While it has a sound premise, too often I can't tell whose speaking or whose point of view I'm dealing with, and that takes away from the experience. It made me do something that I rarely ever do--stop halfway through and get another book. As an avid reader, I consider that a cardinal sin to do to a novel. Especially when you're a good ways through the book already.

Another annoyance is paragraph breaks. I don't mind long paragraphs. Actually, I prefer them to shorter, choppier Grisham-style ones, as long as they are fluid and culminate to a point. Tom Wolfe does an excellent job with his paragraphs, they almost read like poetry.
Word to the infinite power. The former is the reason that I can't read Neal Stephenson, try as I might. The latter used to bother me, but I've learned to look at how much white space is in a book before I pick it up. If there's too much of it, I never bother.

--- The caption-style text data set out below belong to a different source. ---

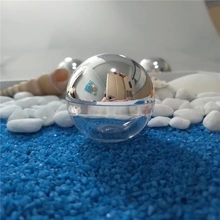 NOVO 5g plástico Travel Size Carry On composição cosméticos creme Jar cosmético, 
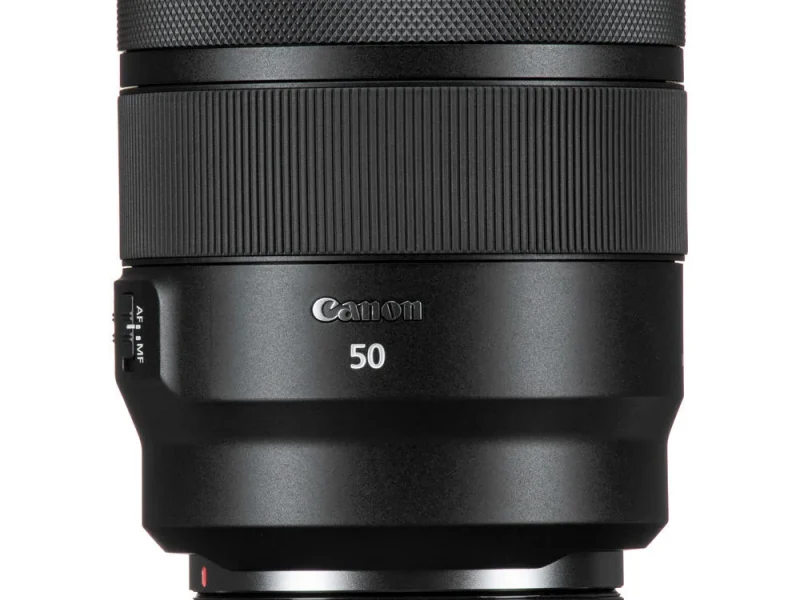 Canon RF 50mm / 1.2 L USM – bérelhető Budapesten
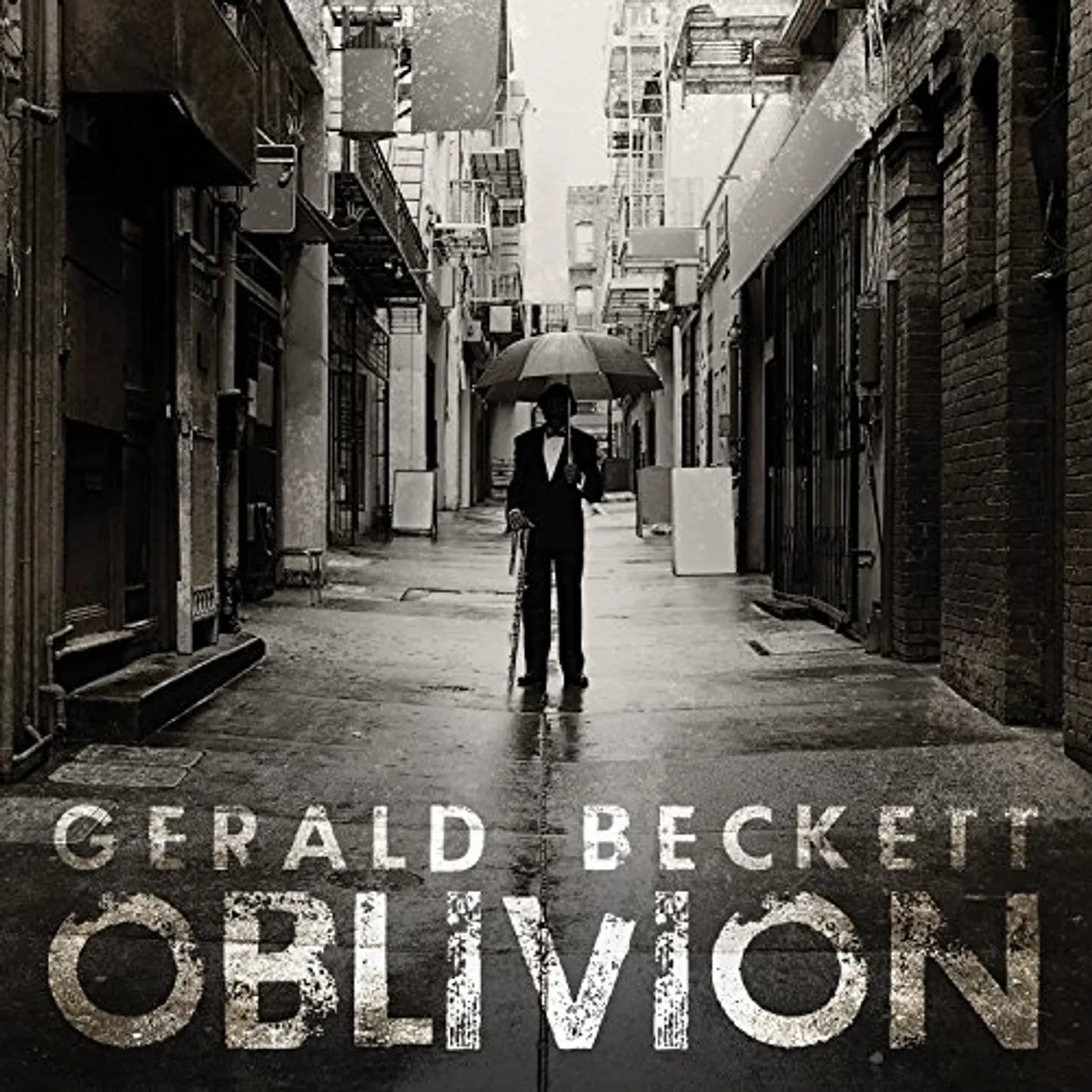 Gerald Beckett OBLIVION CD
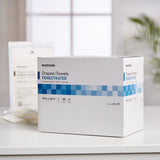 McKesson General Purpose Drape Poly Lined Towel Drape 18 W X 26 L Inch Sterile (65923_BX) 50/BX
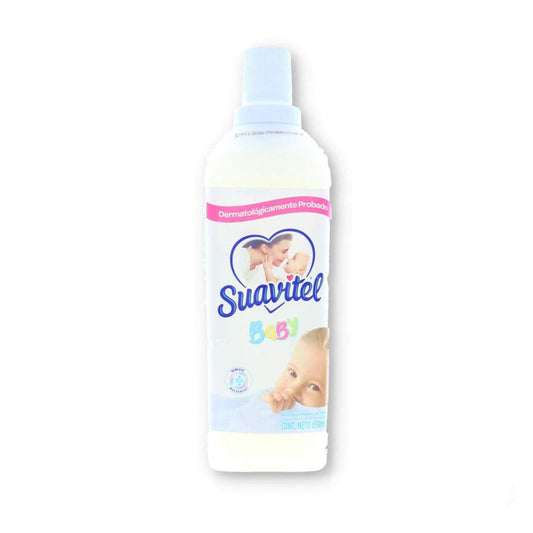 SUAVITEL 850ML FABRIC SOFTENER BABY12/CS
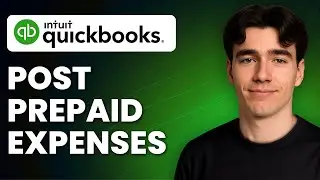 Как учитывать предоплаченные расходы в QuickBooks (Учебник 2025)
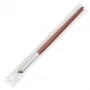 Brush for shading and decorating ombre, bristle length 6/11 mm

Tangent, it's a novel written by someone who has a master's in fine arts, like Matt said. I believe that the degree process erodes something in the writer--perhaps willingness to take risks? These novels read like an editor wrote them. The best analogy that I can make is music: you ever hear an album that's just produced to death? The later Jewel albums were, and was Neil Young's "Harvest Moon." They have no edge to them at all, no rawness. The writing is like that--it feels labored and strategic.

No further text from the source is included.